7/10
When A Wakefield Meets A Fromes
5 August 2008
In the first of two films Burt Lancaster directs as well as stars, he plays the title role of Eli Wakefield who is The Kentuckian. The part of the frontiersman in the James Monroe presidency fits Lancaster's robust personality perfectly. He's very much a combination of both the William Holden and Robert Mitchum characters in Rachel and the Stranger, taking the best aspects of both for his portrayal. Like Mitchum he's got 'woodsy' ways and like Holden he aims to see his son grows out of those ways.

Just where and how little David McDonald does grow up does concern Lancaster and he does during the course of The Kentuckian reexamine just what it is he wants for himself and his son. He's also got a real problem in the shape of a pair of inbred mountain people called Fromes whose family has feuded with the Wakefields for a couple of generations.

Burt's moving west with his boy to get away from the mountain feud so his kid has a chance to grow up and their destination is Texas which the Mexicans had opened up for Yankee settlers eventually to their regret. But he helps a lady in distress in the person of bond servant Dianne Foster and spends his 'Texas' money buying out her contract from Will Wright.

So a planned visit with brother John McIntire and sister-in-law Una Merkel is going to be longer than he thought especially with McIntire wanting to remake Lancaster into a merchant like himself. McIntire also has a wife picked out for him in the person of school teacher Diana Lynn.
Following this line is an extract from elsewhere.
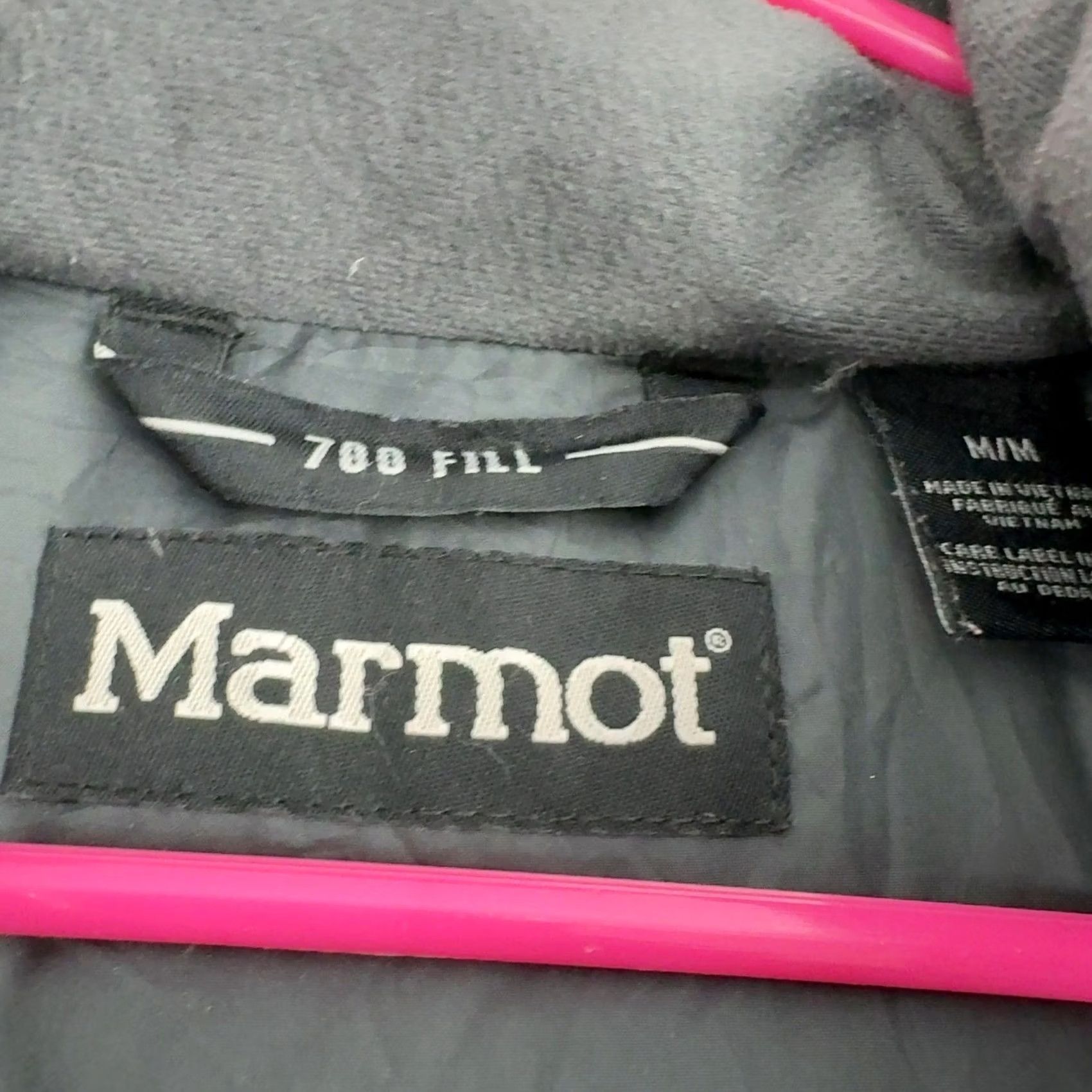 Marmot Marmot Puffer Jacket Mens M Grey 700 Fill Down Polyester Gorpcore Size US M / EU 48-50 / 2 - 4 Thumbnail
The film was shot in Owensboro, Kentucky and presumably in 1955 there was still enough 'woodsy' territory that it still looked like 1820 frontier America. Director Lancaster got good performances out of his cast which included Walter Matthau making his motion picture debut. Matthau plays a tavern owner and town bully, a mean man with a bull-whip who goes after an unarmed Lancaster with one. That scene is really the climax of the film.
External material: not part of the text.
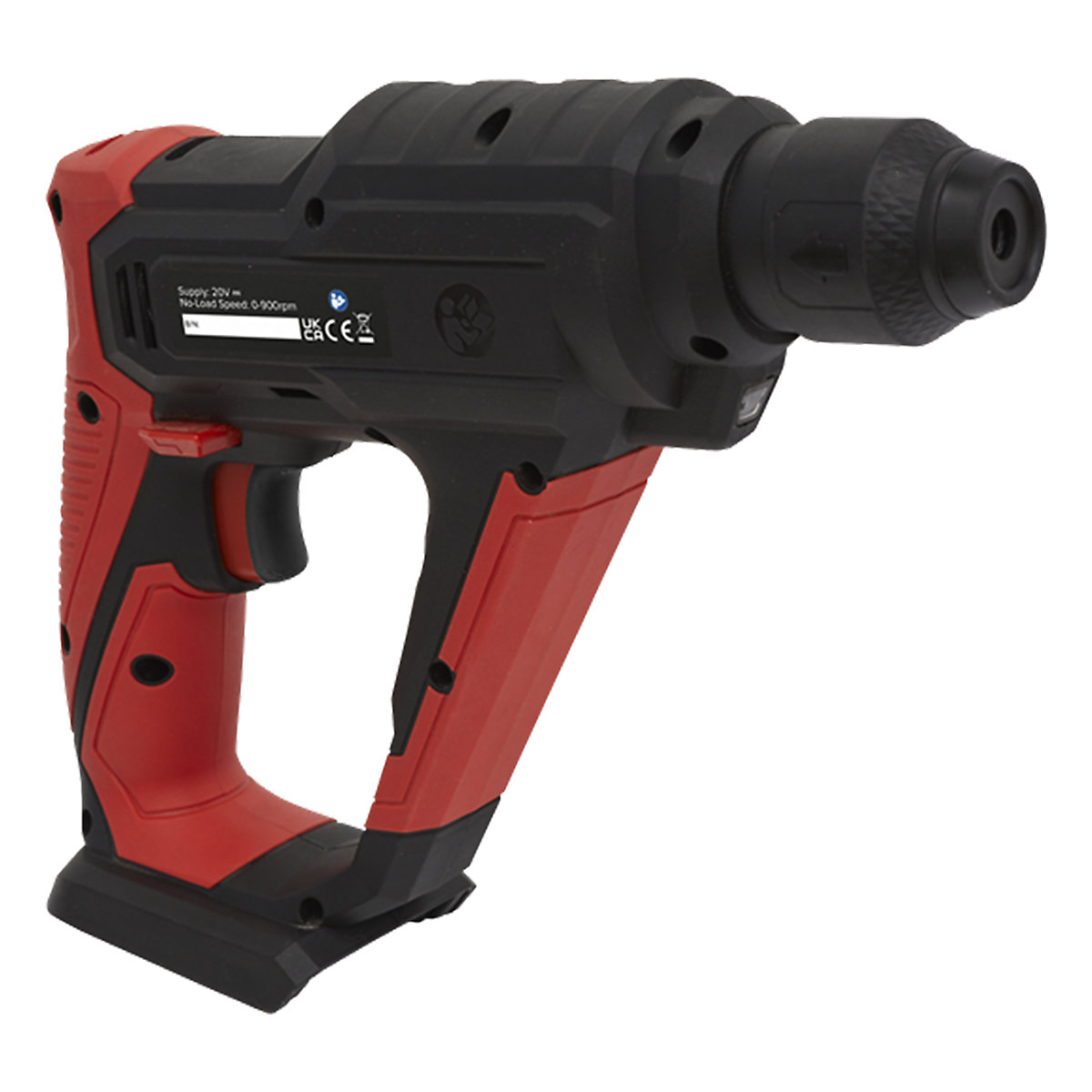 Sealey SDS Plus Cordless Rotary Hammer Drill | SV20 Series (Product illustration 2)-1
However the two to watch for here are the Fromes brothers, Paul Wexler and Douglas Spencer. They are a pair of evil looking dudes, no doubt ancestors of those guys from Deliverance.
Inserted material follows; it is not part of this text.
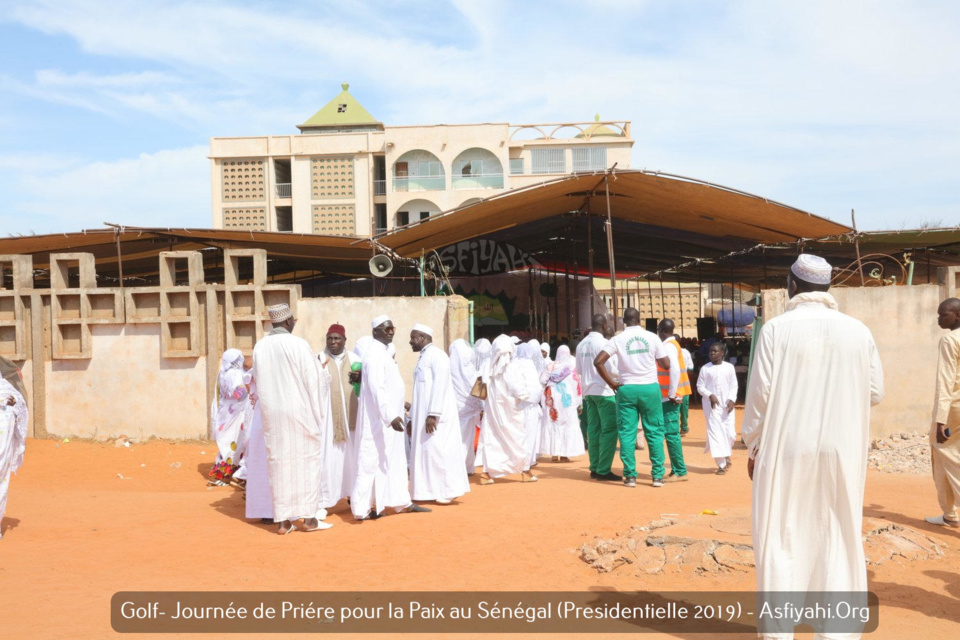 PHOTOS - GOLF - PRESIDENTIELLE 2019 - Les images de la Journée de Prières pour la Paix au Sénégal, organisée par Serigne Habib Sy Mansour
In a recent biography of Burt Lancaster, because of some disparaging comments Lancaster made about directors, the Director's Guild first refused to let him direct his own film. Eventually the production company, Hecht-Hill-Lancaster got a waiver from the Guild. I think they wanted to Burt to sweat a little. For him though directing turned out not to be something he wanted to do, he got through the film with some difficulty and it was no accident that while he was on the production end, Lancaster only directed one other film in his career, Midnight Man.

The Kentuckian is a good film, perfectly suited to Burt Lancaster's athleticism and charisma, a must for his fans.